Revenues and profits have fallen almost every quarter since. In the September 2018 quarter, analysts at Kotak Institutional Equities estimate Airtel’s India wireless business to post annualized revenue of ₹ 40,650 crore, a 32.5% drop from pre-Jio levels. With margins falling sharply as well, the fall in Ebitda is expected to be as high as 64%.
Idea Cellular Ltd, which completed its merger with Vodafone India Ltd in end-August, has fared far worse. On a stand-alone basis, analysts at Kotak estimate its revenue and Ebitda to fall 42% and 86%, respectively, in the September 2018 quarter from pre-Jio levels.
For now, the only light at the end of the tunnel seems to be from a train called the Jio Juggernaut.
Not long ago, some industry executives and analysts were predicting that the worst is over for the telecom industry. The price war in the prepaid, smartphone segment seemed to have abated and the scope for market share gains for Jio also seemed relatively limited, compared to the first two years of operations. But with the company attacking the post-paid as well as the feature phone segments this year, incumbents have had to deal with further losses in revenues.
This July, Jio relaunched its feature phone called JioPhone, with the facility to exchange other feature phones owned by customers. The move has proved to be a double whammy for incumbents. Not only did the product give Jio an entry in this segment, the exchange offer also meant that incumbents lost some existing subscribers.
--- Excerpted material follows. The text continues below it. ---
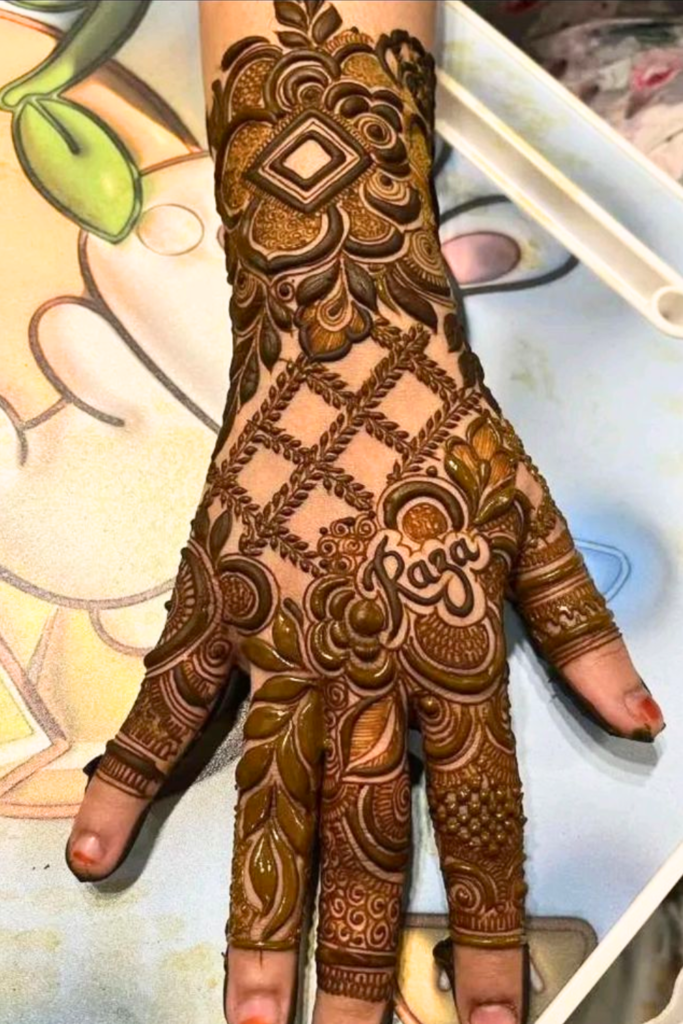 geometric name mehndi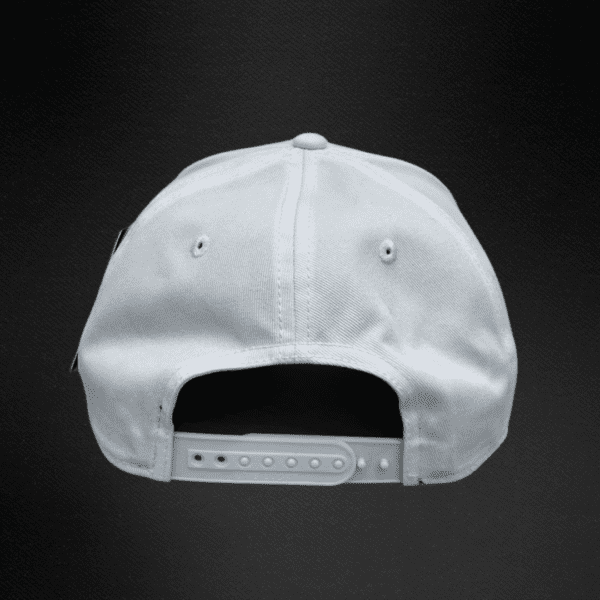 Gorra Black Clover Upside Doun Luck Blanco/Bordado Negro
“Given that this plan involves the exchange of the customer’s old feature-phone for JioPhone, it means that spend on the incumbent SIM goes straight down to zero. Impact on incumbents will likely increase from the December quarter onwards as the impact in 2Q was limited to less than half a quarter," analysts at Kotak wrote in a note to clients.
And while Jio’s market share gains in the post-paid segment may be limited thus far, its entry into the segment has forced incumbents to reduce tariffs, which has hit revenues as well. While both Airtel and Idea were running huge losses and cash burn in the June quarter itself, the fact that revenues are continuing to slide and losses are widening have come as a negative surprise.
In Idea’s case, estimated Ebitda is at about a third of its interest costs; while Airtel is far better off with estimated Ebitda more than enough to cover interest costs, there is not much left to meet burgeoning capex needs. In terms of cash burn, therefore, all telcos are deep in the red. Of course, Jio burns far more cash than all other telcos put together; but the big difference is that no one is forcing it to do so, and its investors don’t seem to mind.
As to the question of when and if Jio will relent, it must be noted that its revenue market share is still only around the halfway mark of its target. Its aggression isn’t likely to reduce anytime soon.